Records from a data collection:
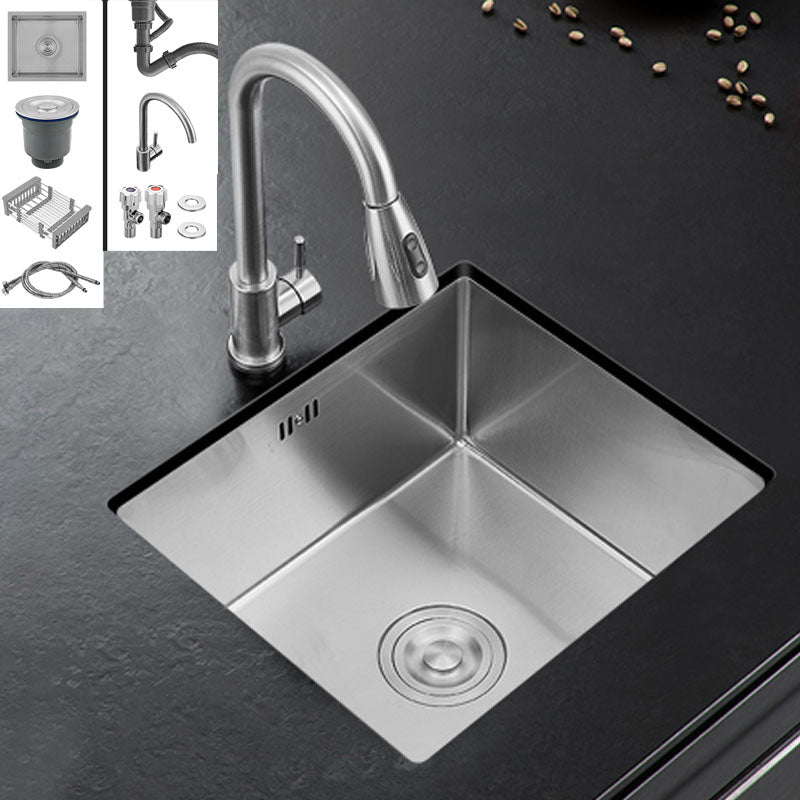 Contemporary Style Kitchen Sink Stainless Steel Kitchen Sink with Drain Assembly Clearhalo 'Home Improvement' 'home_improvement' 'home_improvement_kitchen_sinks' 'Kitchen Remodel & Kitchen Fixtures' 'Kitchen Sinks & Faucet Components' 'Kitchen Sinks' 'kitchen_sinks' 6255685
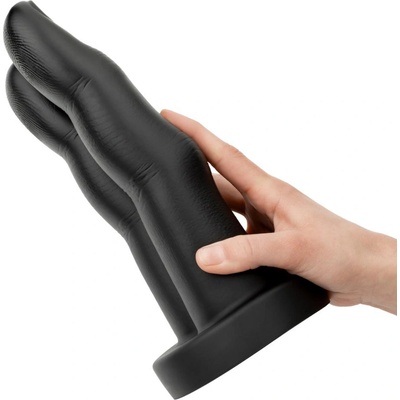 BUTTR Victory Double Finger Butt Plug Black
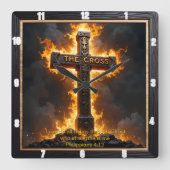 The Cross Medallion Power Philippians 4:13 Verse Quadratische Wanduhr (Vorderseite)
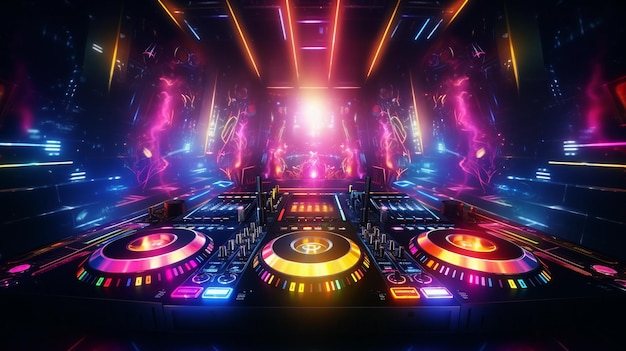 Photo dj performing music at concert with vibrant purple lighting effects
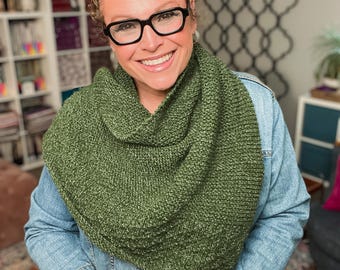 KNITTING PATTERN + VIDEO / Peak Serenity Knit Shawl / Side to Side / Right Angle / Beginner Friendly / Worsted Weight Yarn / One Ball Shawl
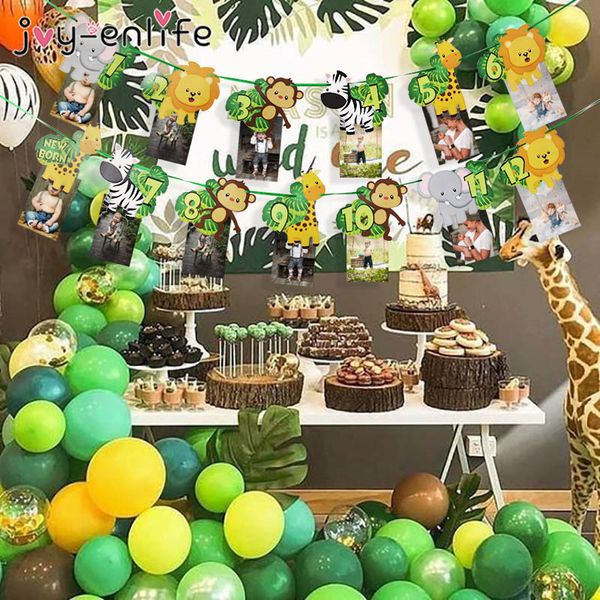 Jungle Animal Theme 1-12 meses Banner de moldura bebê Decorações de 1º aniversário, menino menina meu primeiro ano de festas de um ano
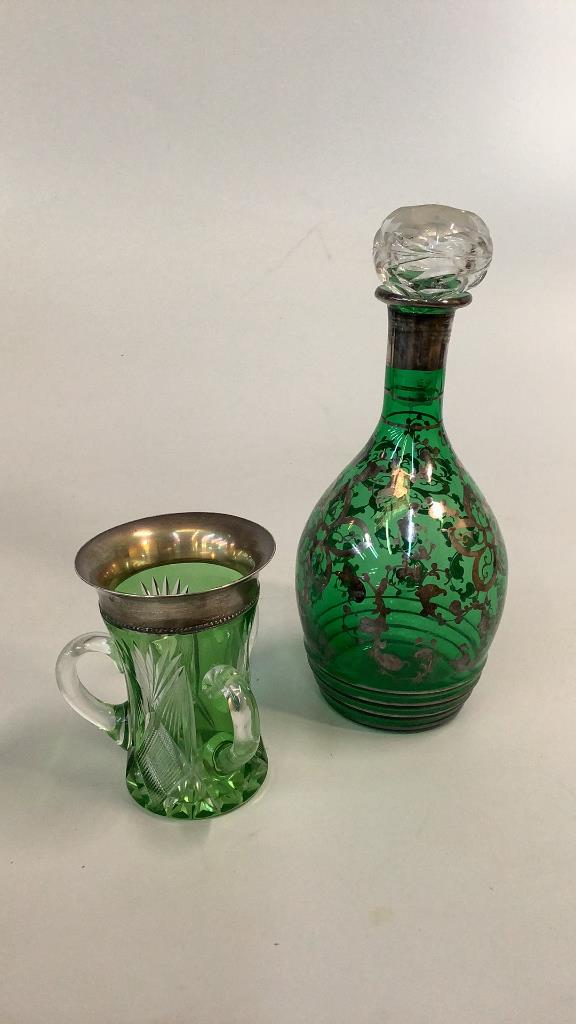 Silver Overlay Decanter, Sterling Collar Vase (1 of 5)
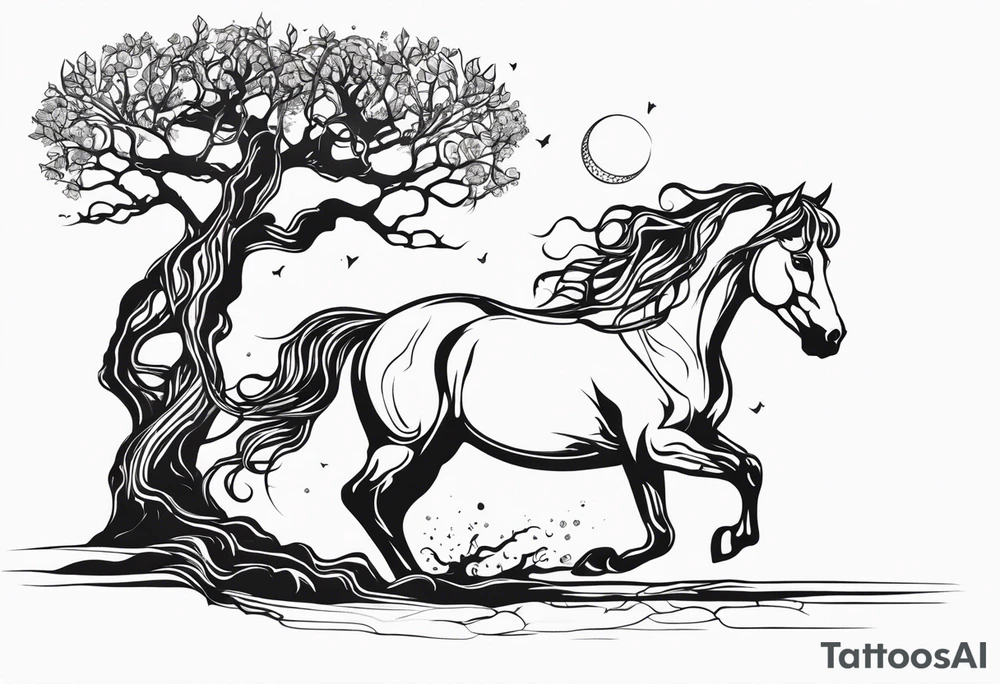 Realistic Horse and Yggdrasil tree tattoo idea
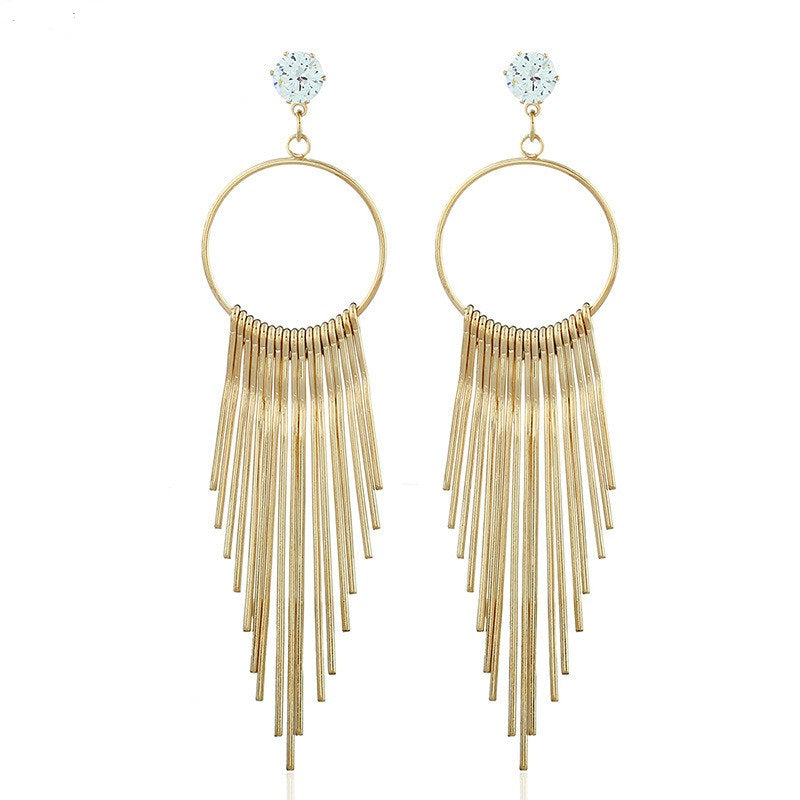 European and American fashion exaggerated fringed diamond earrings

ACTION ITEM:
Repeat the data exactly, dropping every picture it holds.

ANSWER TO THE PROBLEM:
 Contemporary Style Kitchen Sink Stainless Steel Kitchen Sink with Drain Assembly Clearhalo 'Home Improvement' 'home_improvement' 'home_improvement_kitchen_sinks' 'Kitchen Remodel & Kitchen Fixtures' 'Kitchen Sinks & Faucet Components' 'Kitchen Sinks' 'kitchen_sinks' 6255685
 BUTTR Victory Double Finger Butt Plug Black
 The Cross Medallion Power Philippians 4:13 Verse Quadratische Wanduhr (Vorderseite)
 Photo dj performing music at concert with vibrant purple lighting effects
 KNITTING PATTERN + VIDEO / Peak Serenity Knit Shawl / Side to Side / Right Angle / Beginner Friendly / Worsted Weight Yarn / One Ball Shawl
 Jungle Animal Theme 1-12 meses Banner de moldura bebê Decorações de 1º aniversário, menino menina meu primeiro ano de festas de um ano
 Silver Overlay Decanter, Sterling Collar Vase (1 of 5)
 Realistic Horse and Yggdrasil tree tattoo idea
 European and American fashion exaggerated fringed diamond earrings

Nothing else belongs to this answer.